White Stone Day
Set in gritty Victorian London in 1858, Gray’s second book follows A Fiend in Human, his first novel which, likewise, was filled with reprobates and just about the worst trash that the streets could offer. Victorian respectability has no place in any of Gray’s pages.
Edmund Whitty is a writer for a London tabloid, spewing out lurid articles. He begins investigating a quack psychic, and goes to a séance under an assumed name, only to be contacted by his late brother. What scandal is this that his brother divulges? And why is the psychic quickly dispatched after that séance?

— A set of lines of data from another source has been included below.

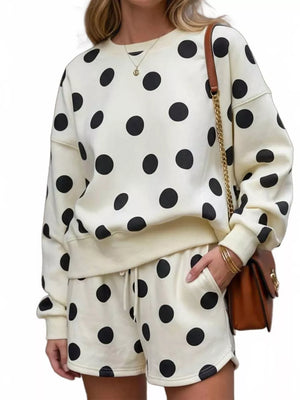 lounge set in black with polka dot and drawstring waist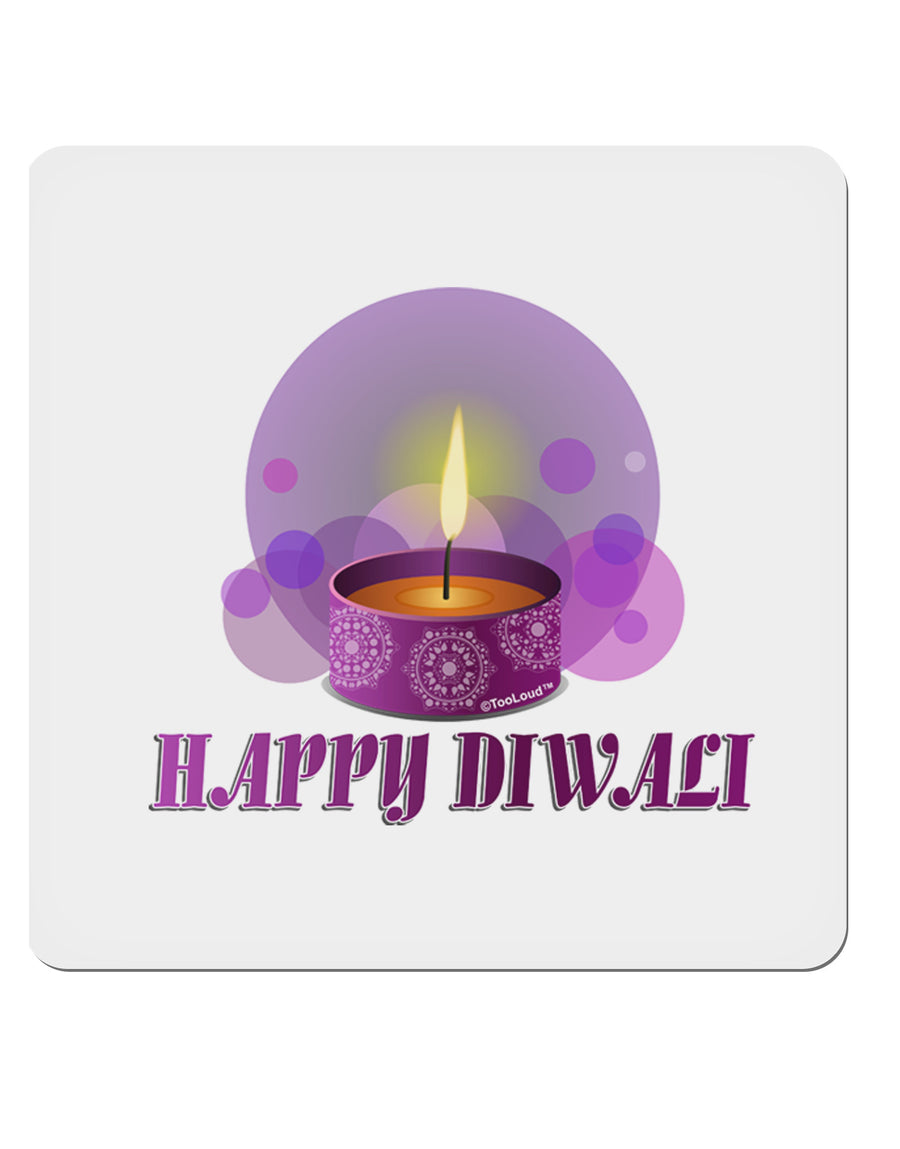 Happy Diwali Purple Candle 4x4&#x22; Square Sticker-Stickers-TooLoud-1-Davson Sales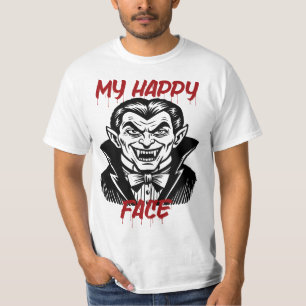 Mijn blije gezicht, grappige vampier Halloween T-shirt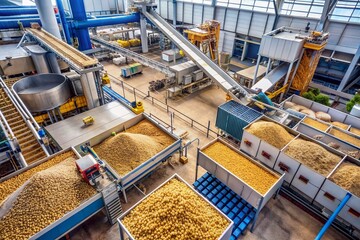 Aerial view of a modern factory producing dry pet food, with conveyor belts, silos, and machinery whirring, surrounded by stacks of packaged pellets and raw materials.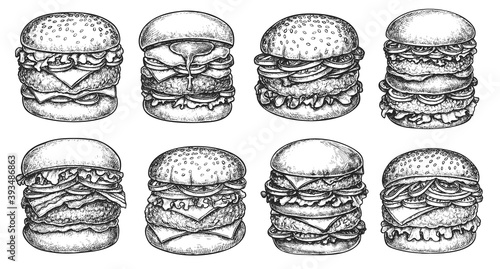 Burger menu with hamburger, cheeseburger hand drawn sketch. Appetizing fast food with bun, meat, vegetable, onion ring, lettuce, sauce ingredient vector illustration isolated on white background
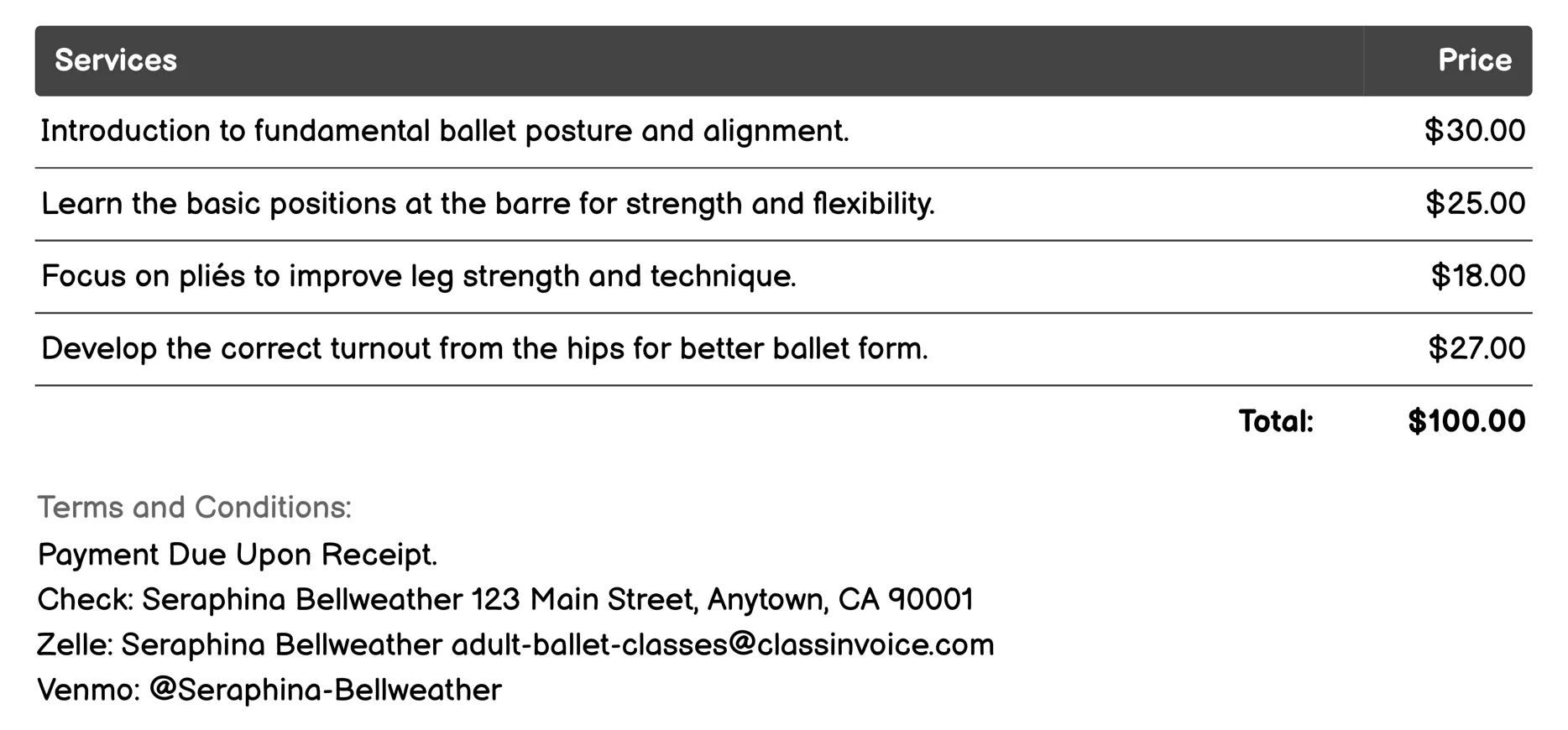 Beginner Adult Ballet Invoice Example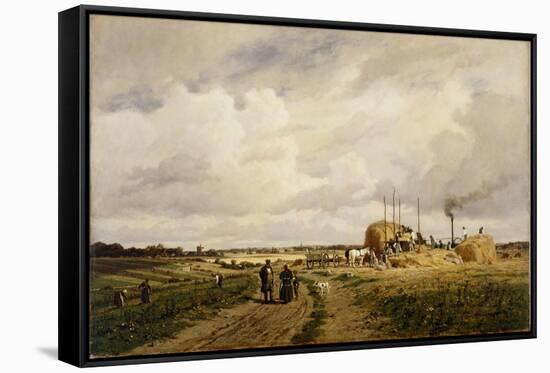 Use of the First Threshing Machine at Lankow, Schwerin, 1882-Carl Malchin-Framed Stretched Canvas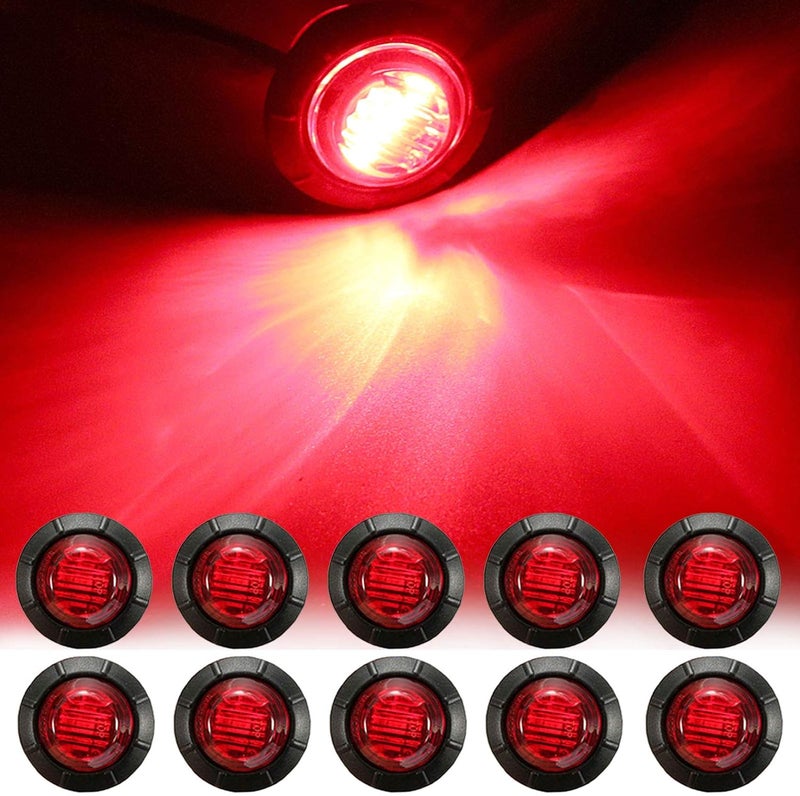 NBWDY 10pc 3/4 Inch Mount RED LED Bullet Marker Lights for Trucks, RVs, and Trailers - Image 1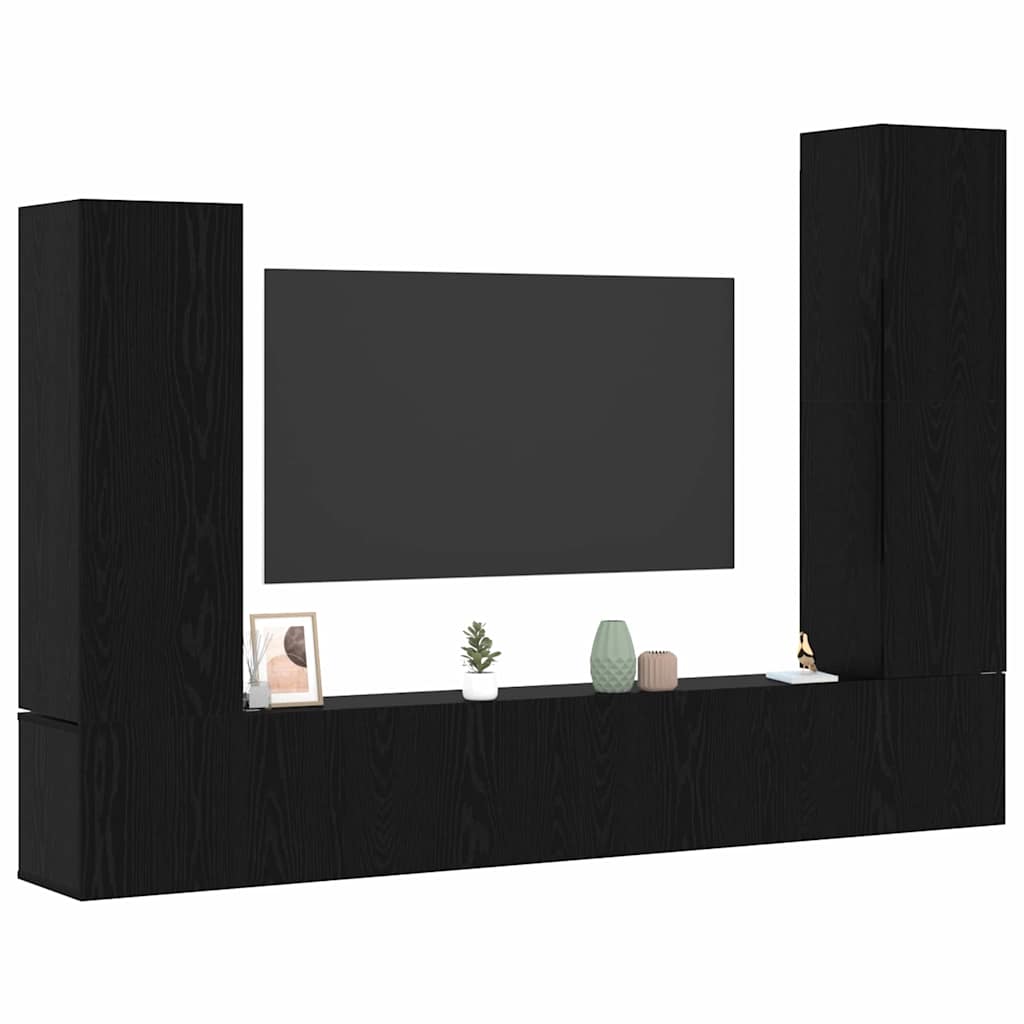 TV-Möbel-Set 4 pcs Schwarze Eiche 30,5 x 30 x 110 cm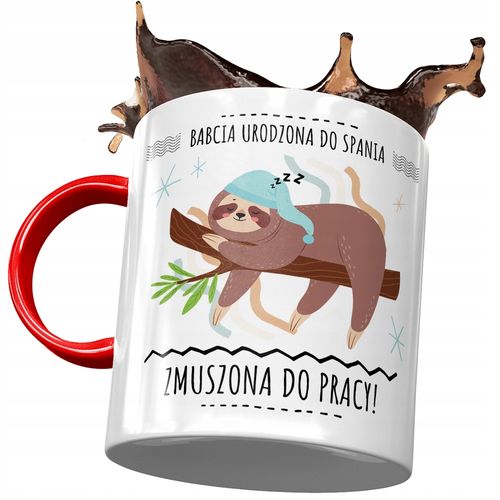 Kubek Czerwony Dla Babci Babuni Na Dzień Babci Z Nadrukiem Ze Zdjęciem na Arena.pl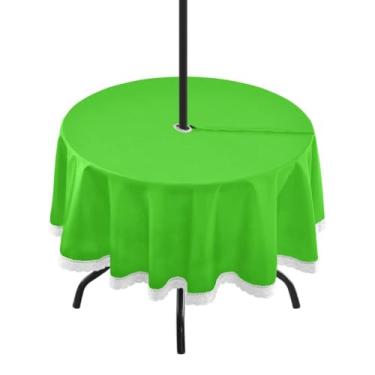 Imagem de CEBUGI Toalha de mesa redonda para uso ao ar livre, fundo verde, impermeável, com furo Umberlla, capa de mesa lavável para pátio, cozinha, sala de jantar, 152 cm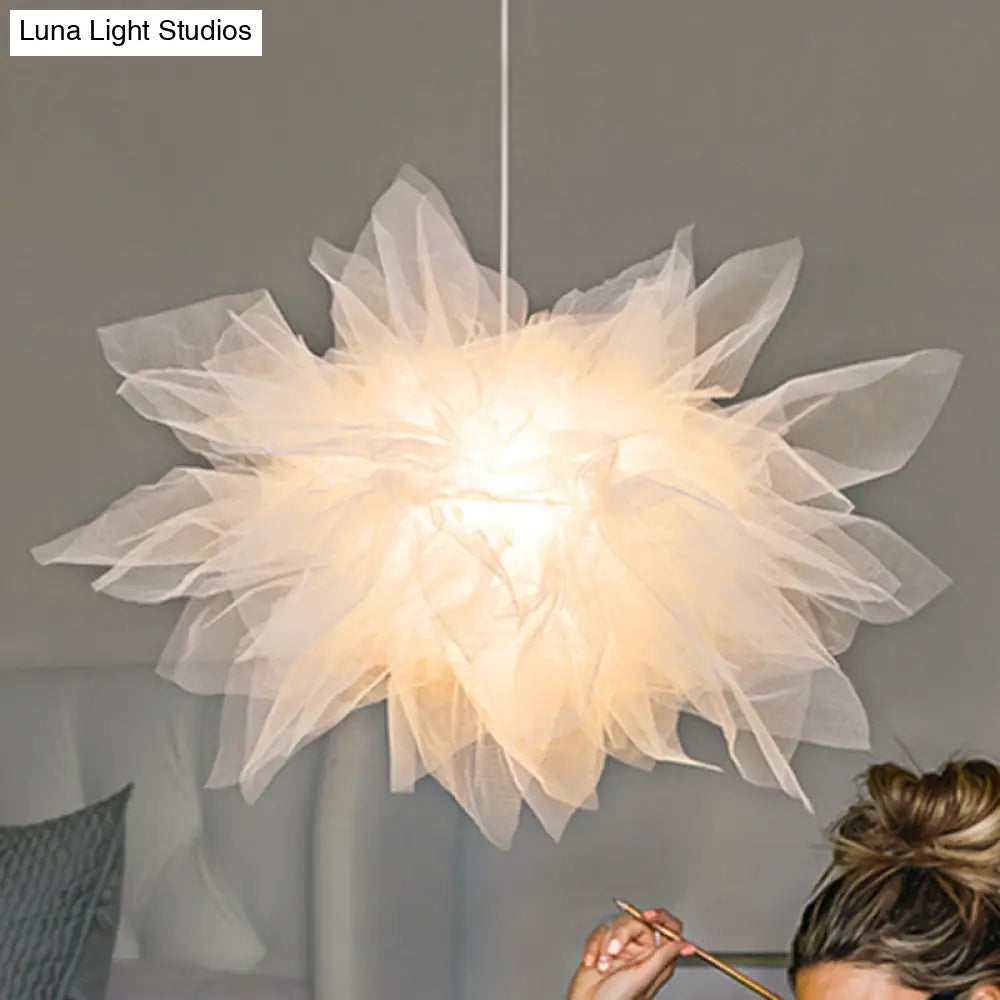 Nordic Style Fabric Flower Pendant Ceiling Light Perfect For Bedroom - 1 Hanging Fixture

The investigation takes Whitty to Oxford, where an eccentric cleric and author of children’s stories is involved in a family with two little girls. He plays croquet with them, and they weave stories together during their “playtimes.” He also takes “artistic” photographs of little girls. Is this man involved in a ring of murderous child pornographers?
This is a dark tale often told tongue-in-cheek by Gray through the voices of his characters. I was uncomfortable with the narrative style, although it was consistent with the subject and the characters. I found myself having a problem concentrating on the plots and subplots. Having read that Gray was likened to both Caleb Carr and Dickens, I expected to become gripped by the events as they unfolded – but I wasn’t. Unfortunate, considering the potential of the subject matter.